Since I haven’t found a registry provider that satisfy my requirements (and because I have a LOT of VPS ready to be used) I have decided to check for a self hosted solution.

However, going self hosted may not be the best solution for everybody: you may lower your costs but it comes with some non trivial drawbacks :

  • You have to set up backup policies: redundancy is NOT an option. If your private registry end up failing and you loose all your images your gonna end with troubles.
  • Everything’s harder in the self hosted way: you’ll need to provision a server, install and update needed tools, configure firewall, backups, wake up at night to fix problems when needed, etc… It’s really a job.

If you are not afraid at this point, it means that just like me, you are a self host enthusiast with the minimal skills required to set up everything. (Or maybe you’re crazy?).

Ready? Let’s jump into the self host adventure !

Docker default registry

The first solution I’ve found is the default docker registry. It’s the registry written by the Docker team and it’s open source. (Source code available here)

At first glance, the docker registry looked like a good solution: open source, written by the team behind docker, a lot of online tutorials, really easy to use (work out of the box) … But after a bit of testing, I have seen the product limitations.

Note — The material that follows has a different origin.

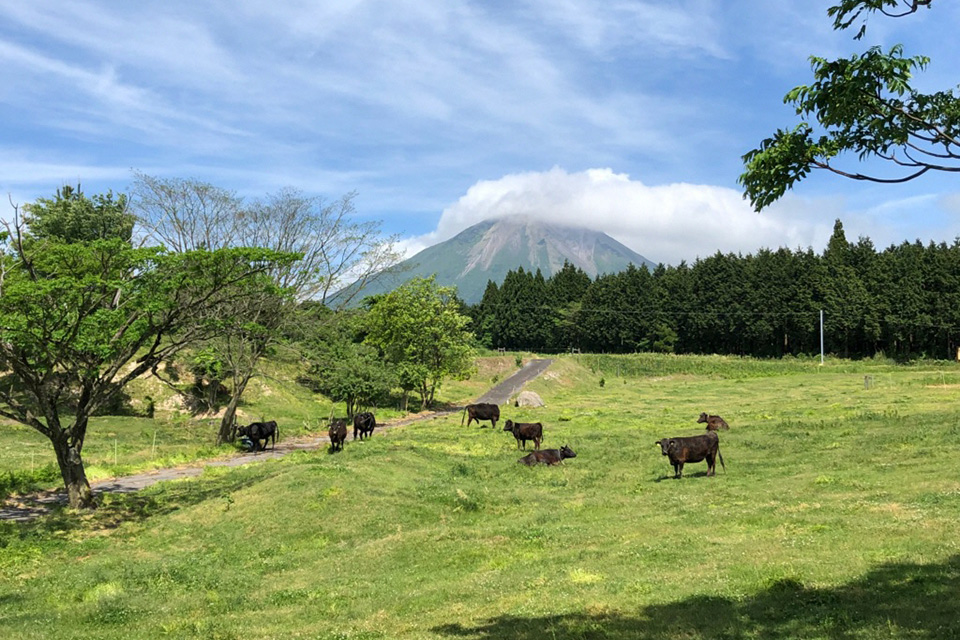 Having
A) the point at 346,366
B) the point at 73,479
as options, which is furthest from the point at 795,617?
the point at 346,366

Don’t get me wrong: I think that docker registry is a really good solution but it doesn’t fit well for production environment, for 2 big reasons:

  • The registry is not RBAC capable: you cannot create a role to push image and a role to pull image. Every person with access to your registry could pull & push images as he wants. This feature lack is the biggest no for my use case.
  • The registry was shipped with builtin Letsencrypt support, meaning that it’s capable of generate & update an SSL certificate for your registry. The SSL support is a really important part if your registry is exposed to the outside world. I have opened a PR on the repository, but there’s no news at the moment.

Harbor to the rescue

Since the docker default registry does not satisfy my requirements, I’ve continue my research, until I found Harbor.

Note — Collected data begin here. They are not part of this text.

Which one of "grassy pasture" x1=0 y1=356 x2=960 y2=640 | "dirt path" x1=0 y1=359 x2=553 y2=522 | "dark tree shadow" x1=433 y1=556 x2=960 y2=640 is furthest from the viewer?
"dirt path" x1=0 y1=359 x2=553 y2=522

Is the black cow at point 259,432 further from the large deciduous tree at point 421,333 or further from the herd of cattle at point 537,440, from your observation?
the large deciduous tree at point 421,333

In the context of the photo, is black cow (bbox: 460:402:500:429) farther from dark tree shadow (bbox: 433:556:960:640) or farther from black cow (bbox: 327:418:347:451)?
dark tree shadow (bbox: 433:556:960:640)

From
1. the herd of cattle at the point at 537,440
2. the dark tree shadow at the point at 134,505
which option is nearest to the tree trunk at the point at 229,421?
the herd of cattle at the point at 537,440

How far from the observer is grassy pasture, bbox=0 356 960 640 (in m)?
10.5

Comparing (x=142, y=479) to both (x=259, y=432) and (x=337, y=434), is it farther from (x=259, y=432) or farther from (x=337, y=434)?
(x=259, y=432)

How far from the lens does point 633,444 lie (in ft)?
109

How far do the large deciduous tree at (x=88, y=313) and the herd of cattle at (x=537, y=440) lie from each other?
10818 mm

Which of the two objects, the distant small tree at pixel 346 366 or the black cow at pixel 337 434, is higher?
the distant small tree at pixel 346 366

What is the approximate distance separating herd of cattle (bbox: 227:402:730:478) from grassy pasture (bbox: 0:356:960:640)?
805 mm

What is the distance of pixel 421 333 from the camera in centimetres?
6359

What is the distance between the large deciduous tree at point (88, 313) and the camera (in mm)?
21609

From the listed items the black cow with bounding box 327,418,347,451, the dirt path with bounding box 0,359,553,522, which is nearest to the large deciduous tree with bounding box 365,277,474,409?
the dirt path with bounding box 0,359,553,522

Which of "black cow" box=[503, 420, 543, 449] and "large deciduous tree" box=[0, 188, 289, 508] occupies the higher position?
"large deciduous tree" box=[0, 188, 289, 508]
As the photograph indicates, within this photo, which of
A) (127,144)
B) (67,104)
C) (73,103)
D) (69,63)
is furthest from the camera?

Harbor is an open source, cloud native docker registry. Features include: RBAC security, SSL support, image replication across multiple instances, remote storage (azure, s3, gcs, …) everything’s you’ll need ! And the app is fully configurable using a simple yaml file.

System requirements

Resource Minimum Recommended
CPU 2 CPU 4 CPU
Mem 4 GB 8 GB
Disk 40 GB 160 GB

How to install

To keep this point short, I’ll assume that you have a special dedicated server already provisioned with Docker. For the tutorial I’ll use the local filesystem as storage for the images. For production environment I would recommend using a cloud based storage instead, it will add extra latency but in case of server crash your data will be safe.

Harbor is really easy to install since you’ll only need to have the docker engine on the host machine. The wonderful harbor installer will automatically download & run all harbor needed services as docker container (docker-ception). Better process isolation & no more hours wasted for updating the dependencies, etc… Everything is done using a simple docker command.

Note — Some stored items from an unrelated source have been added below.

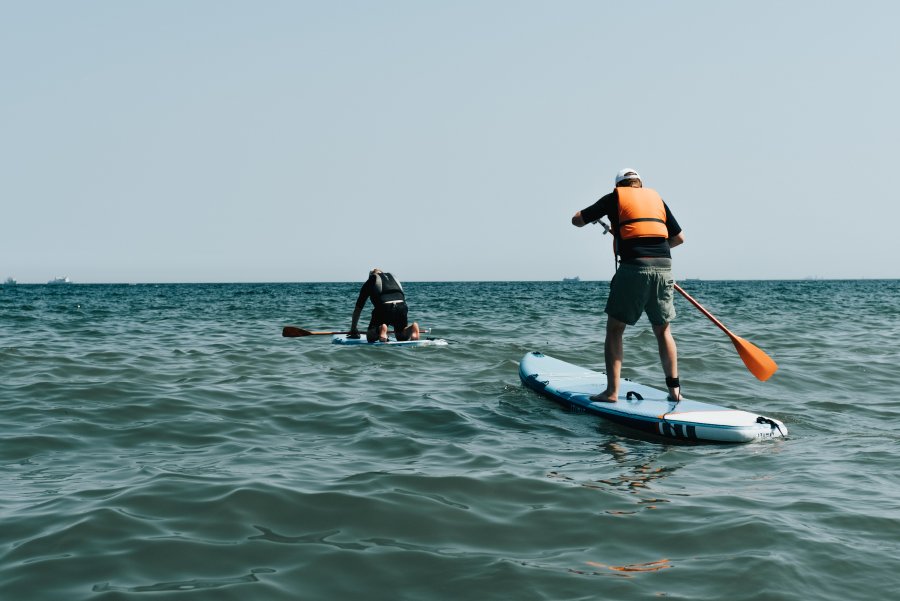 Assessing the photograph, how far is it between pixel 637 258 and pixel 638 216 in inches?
14.5

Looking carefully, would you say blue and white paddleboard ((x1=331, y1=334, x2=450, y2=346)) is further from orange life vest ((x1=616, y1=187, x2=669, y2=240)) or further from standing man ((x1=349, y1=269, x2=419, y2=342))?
orange life vest ((x1=616, y1=187, x2=669, y2=240))

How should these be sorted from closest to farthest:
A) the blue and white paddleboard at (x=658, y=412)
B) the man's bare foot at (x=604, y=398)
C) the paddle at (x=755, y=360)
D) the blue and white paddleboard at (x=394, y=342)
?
1. the blue and white paddleboard at (x=658, y=412)
2. the man's bare foot at (x=604, y=398)
3. the paddle at (x=755, y=360)
4. the blue and white paddleboard at (x=394, y=342)

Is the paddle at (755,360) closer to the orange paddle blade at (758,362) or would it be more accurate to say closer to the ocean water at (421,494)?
the orange paddle blade at (758,362)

The first things to do is to download the latest version of the Harbor online installer from Github. Once downloaded just untar the archive.

The last step now is to configure Harbor. This is done by editing the harbor.yml file located in the folder you’ve just extract.

hostname: registry.mydomaine.com

https:
  port: 443
  certificate: /var/certificates/registry.mydomaine.com.crt
  private_key: /var/certificates/registry.mydomaine.com.key

harbor_admin_password: Harbor12345

database:
  password: <long random string>
  max_idle_conns: 50
  max_open_conns: 100

data_volume: /mnt/data-volume

notification:
  webhook_job_max_retry: 10

log:
  level: info
  local:
    rotate_count: 50
    rotate_size: 200M
    location: /var/log/harbor

_version: <version>

Let’s break the config file into the different parts.

hostname: registry.mydomaine.com

This is the hostname you’ll use to dial with your registry.

https:
  port: 443
  certificate: /var/certs/registry.mydomaine.com.crt
  private_key: /var/certs/registry.mydomaine.com.key

The HTTPS configuration for the registry, this will be used for both dashboard access and the registry API. I am using Certbot to manage my certificate generation & renewal automatically. I’m not gonna explain the setup in details since there is already a bunch of good article for it.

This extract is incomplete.